Re: [nova][gate] status of some gate bugs

8 Apr 2020

      On 4/7/20 11:49, melanie witt wrote:

<snip>
...
...
...
* http://status.openstack.org/elastic-recheck/#1844929
This one is where a job fails and the following error is seen one of 
the logs, usually screen-n-sch.txt: "Timed out waiting for response 
from cell 8acfb79b-2e40-4e1c-bc3d-d404dac6db90".
The TL;DR on this one is there's no immediate clue why it's 
happening. This bug used to hit more occasionally on "slow" nodes 
like nodes from the OVH or INAP providers (and OVH restricts disk 
iops [1]).
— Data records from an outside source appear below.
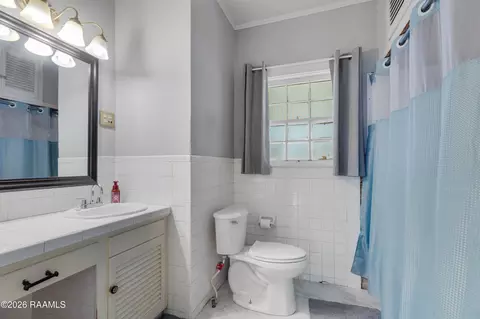 Bath - 507 Texas St, Berwick, LA 70342 photo 1 of 1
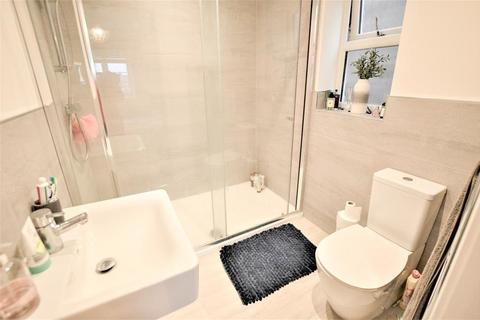 1 Pond View, Tollerton, York, YO61 1AG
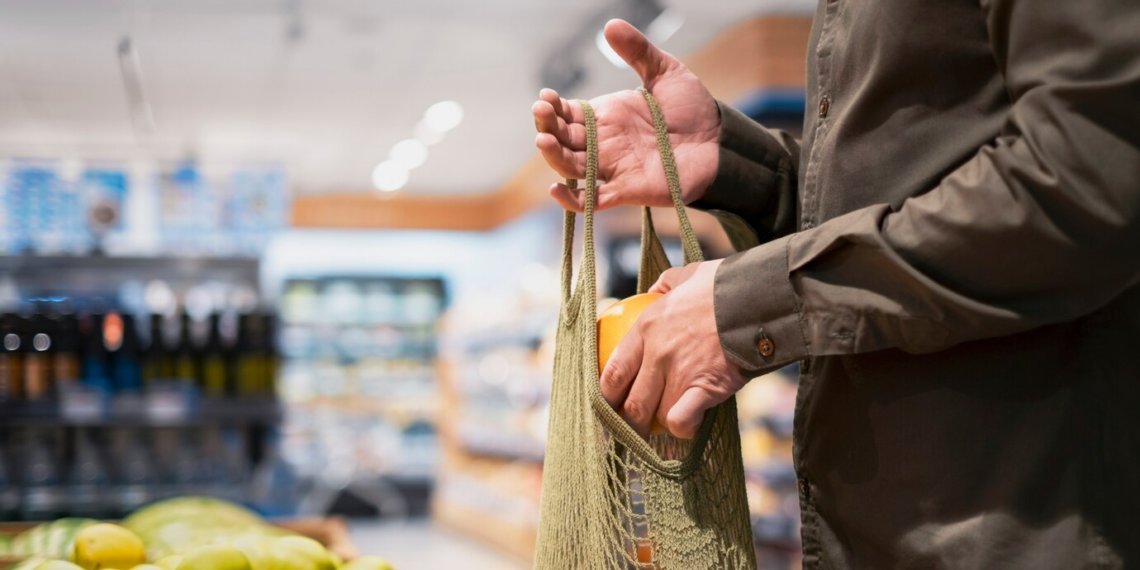 Рос без матери: сердобольная сибирячка оплатила еду из жалости к вору в Новосибирске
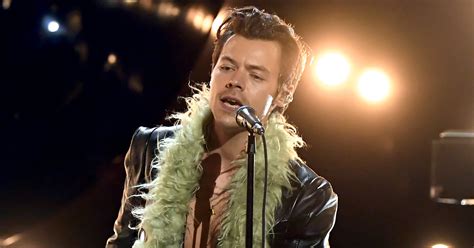 Harry Styles Wears Leather Suit And Fuzzy Scarf For Grammys Ps Fashion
Now, it seems like it's hitting much more often (still 
mostly on OVH nodes).
I've been looking at it for about a week now and I've been using a 
DNM patch to add debug logging, look at dstat --disk-wait output, try 
mysqld my.cnf settings, etc:
https://review.opendev.org/701478
So far, what I find is that when we get into the fail state, we get 
no rows back from the database server when we query for nova 
'services' and 'compute_nodes' records, and we fail with the "Timed 
out waiting for response" error.
Haven't figured out why yet, so far. The disk wait doesn't look high 
when this happens (or at any time during a run) so it's not seeming 
like it's related to disk IO. I'm continuing to look into it.
I think I finally got to the bottom of this one and found that during 
the grenade runs after we restart nova-scheduler, while it's coming 
back up, requests are flowing in and the parent process is holding an 
oslo.db lock when the child process workers are forked. So, the child 
processes inherit the held locks and database access through those 
oslo.db objects can never succeed. This results in the CellTimeout 
error -- it behaves as though the database never sends us results, but 
what really happened was our database requests were never made because 
they were stuck outside the inherited held locks [2].
Inheriting of held standard library locks at fork is a known issue in 
python [3] that is currently being worked on [4].
Correction: this issue [5] is not considered a bug in python and the 
recommended way of handling the problem is to use the 
os.register_at_fork() method (new in python 3.7) in oslo.db to 
reinitialize its lock [6].

For now, we still support python 3.6, so we have to handle it outside of 
oslo.db some way (https://review.opendev.org/717662 is proposed). But we 
can also add use of os.register_at_fork() in oslo.db for those who are 
running >= python 3.7 to handle the problem more generally.

[5] https://bugs.python.org/issue6721
[6] https://bugs.python.org/issue40091#msg365959
...
...
I think we can handle this in nova though in the meantime by clearing 
our cell cache that holds oslo.db database transaction context manager 
objects during service start(). This way, we get fresh oslo.db objects 
with unlocked locks when child processes start up. I have proposed a 
patch for this here:
https://review.opendev.org/717662
I would appreciate review on this patch ^
...
and have been rechecking it a bunch of times to get more samples. So 
far, the grenade-py3 and nova-grenade-multinode jobs have both passed 
7 runs in a row on the change.
Cheers,
-melanie
[2] https://bugs.launchpad.net/nova/+bug/1844929/comments/28
[3] https://bugs.python.org/issue40089
[4] https://github.com/python/cpython/pull/19195
...
[1] 
http://lists.openstack.org/pipermail/openstack-discuss/2019-November/010505....